Segmentation means to split the audio into manageable, distinct chunks of homogeneous audio - e.g. speech, silence, music. Diarization specifically means identifying the unique speakers in an audio file. The LIUM tool does both of these - in fact it is not very useful to do one without the other.
Getting Started
First, download the LIUM_spkDiarization .jar file from http://liumtools.univ-lemans.fr//index.php?option=com_content&task=blogcategory&id=32&Itemid=60. Running it without arguments will print out a summary of its options, which looks like this:
dhuggins@lima-2:~/Projects/PyCon/freelt$ ../tools/LIUM_SpkDiarization-3.1.jar
info[info] ======================================================
info[program] name = Diarization
info[info] ------------------------------------------------------
info[show] [options] show
info[ParameterFeature-Input] --fInputMask Features input mask = %s.mfcc
info[ParameterFeature-Input] --fInputDesc Features info (type[,s:e:ds:de:dds:dde,dim,c:r:wSize:method]) = audio2sphinx,1:1:0:0:0:0,13,0:0:0:0
info[ParameterFeature-Input] type [sphinx,spro4,gztxt,audio2sphinx] = audio2sphinx (4)
info[ParameterFeature-Input] static [0=not present,1=present ,3=to be removed] = 1
info[ParameterFeature-Input] energy [0,1,3] = 1
info[ParameterFeature-Input] delta [0,1,2=computed on the fly,3] = 0
info[ParameterFeature-Input] delta energy [0,1,2=computed on the fly,3] = 0
info[ParameterFeature-Input] delta delta [0,1,2,3] = 0
info[ParameterFeature-Input] delta delta energy [0,1,2,3] = 0
info[ParameterFeature-Input] file dim = 13
info[ParameterFeature-Input] normalization, center [0,1] = 0
info[ParameterFeature-Input] normalization, reduce [0,1] = 0
info[ParameterFeature-Input] normalization, window size = 0
info[ParameterFeature-Input] normalization, method [0 (segment), 1 (cluster), 2 (sliding), 3 (warping)] =0
info[info] ------------------------------------------------------
info[ParameterSegmentationFile-Input] --sInputMask Output segmentation mask = %s.in.seg
info[ParameterSegmentationFile-Input] --sInputFormat Output segmentation format = seg,ISO-8859-1
info[ParameterSegmentationFile-Output] --sOutputMask Output segmentation mask = %s.out.seg
info[ParameterSegmentationFile-Output] --sOutputFormat Output segmentation format = seg,ISO-8859-1
info[info] ------------------------------------------------------
info[ParameterSystem] --system = current
info[ParameterSystem] --doCEClustering = false
info[ParameterSystem] --saveAllStep = false
info[ParameterSystem] --loadInputSegmentation = false
info[info] ------------------------------------------------------
The LIUM segmentation tool can take a variety of file types as input.
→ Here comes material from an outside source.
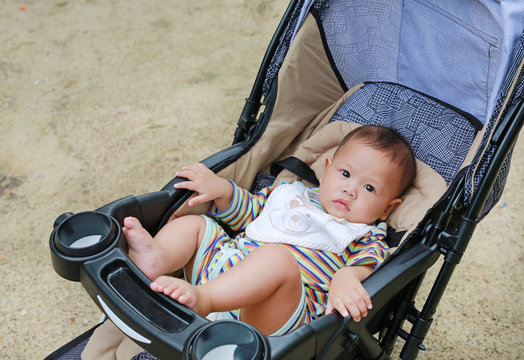 6 months little Asian baby boy sitting in the stroller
By default, it is assumed that the input is audio - this can be a WAV file, probably also MP3 and others. If you already have MFCCs and wish to use them instead, then pass %%–fInputDesc sphinx%% to it. The input segmentation arguments (%%–sInputMask%% and %%–sInputFormat%%) are not required - if they are not given the tool will start with the entire file.
The default output format is the one used by LIUM in their evaluations.
However, the tool can easily output the control files used by Sphinx3 and
PocketSphinx (FIXME: and Sphinx4 too?), by passing %%–sOutputFormat ctl%%. In
theory it also supports Transcriber XML, but I haven’t figured out how to make
that work yet.
Here’s a little script that will turn ctl
format output files into label
files for Audacity:
#!/usr/bin/perl -w
use strict;
while (`<>`) {
chomp;
my ($show, $sf, $ef, $uttid) = split;
$sf /= 100;
$ef /= 100;
print "$sf\t$ef\t$uttid\n";
}
And, here’s one that will turn the output hyp
files from PocketSphinx into
label files, for transcription fixing:
#!/usr/bin/perl -w
use strict;
while (`<>`) {
chomp;
my ($text, $uttid, $score) = /^(.*)\((\S+)(?:\s+(-?\d+))?\)$/;
my ($time, $start, $end) = split /-/, $uttid;
print "$start\t$end\t$text\n";
}